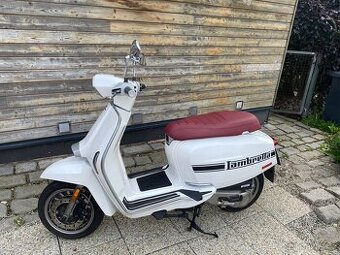 Lambretta V50 Special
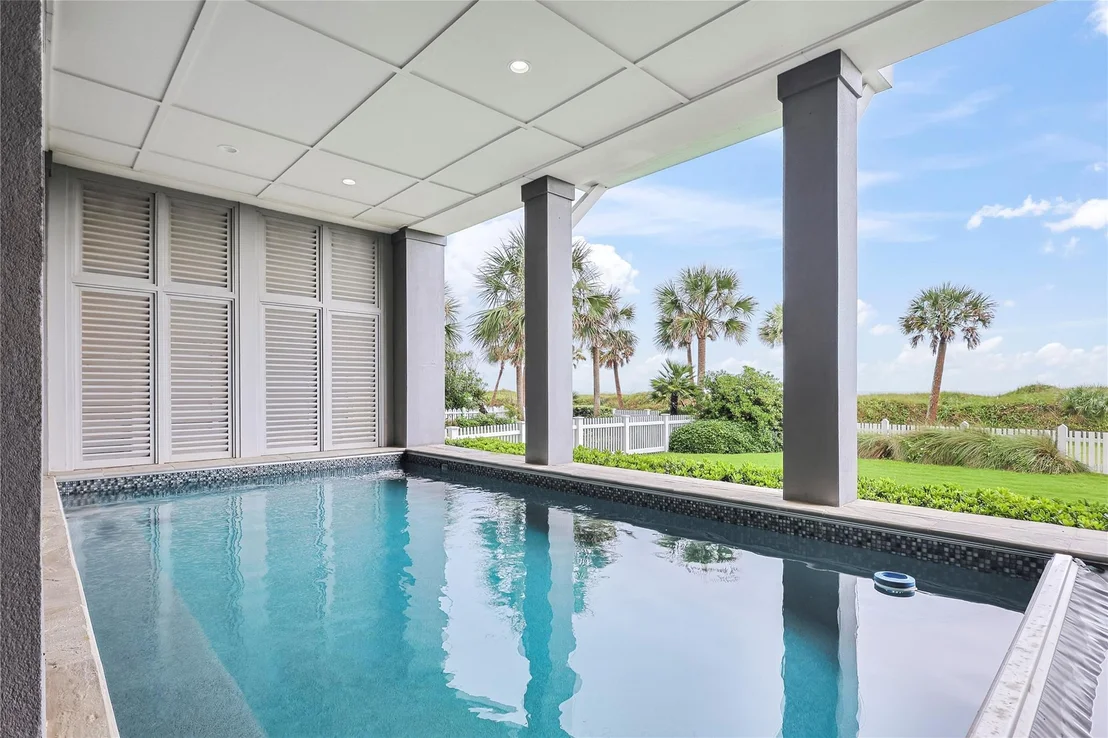 Photo of 2425 E Seaside Drive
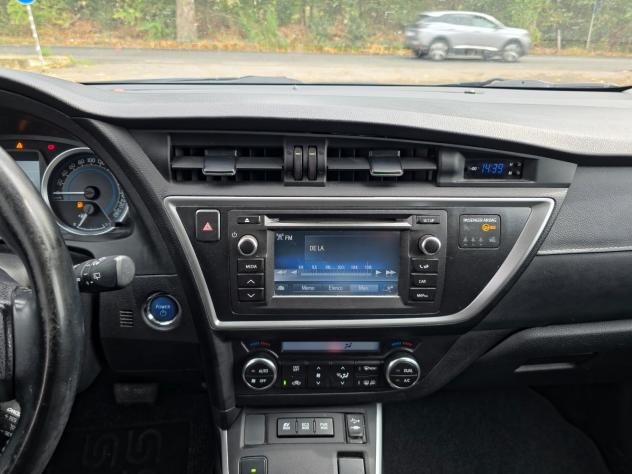 Toyota Auris 1.8 Hybrid Lounge E5B Automatica NEO 2014 - Foto 10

## Task to carry out
Copy the material exactly. Do not include the pictures.

## Output of the task
 Lambretta V50 Special
 Photo of 2425 E Seaside Drive
 Toyota Auris 1.8 Hybrid Lounge E5B Automatica NEO 2014 - Foto 10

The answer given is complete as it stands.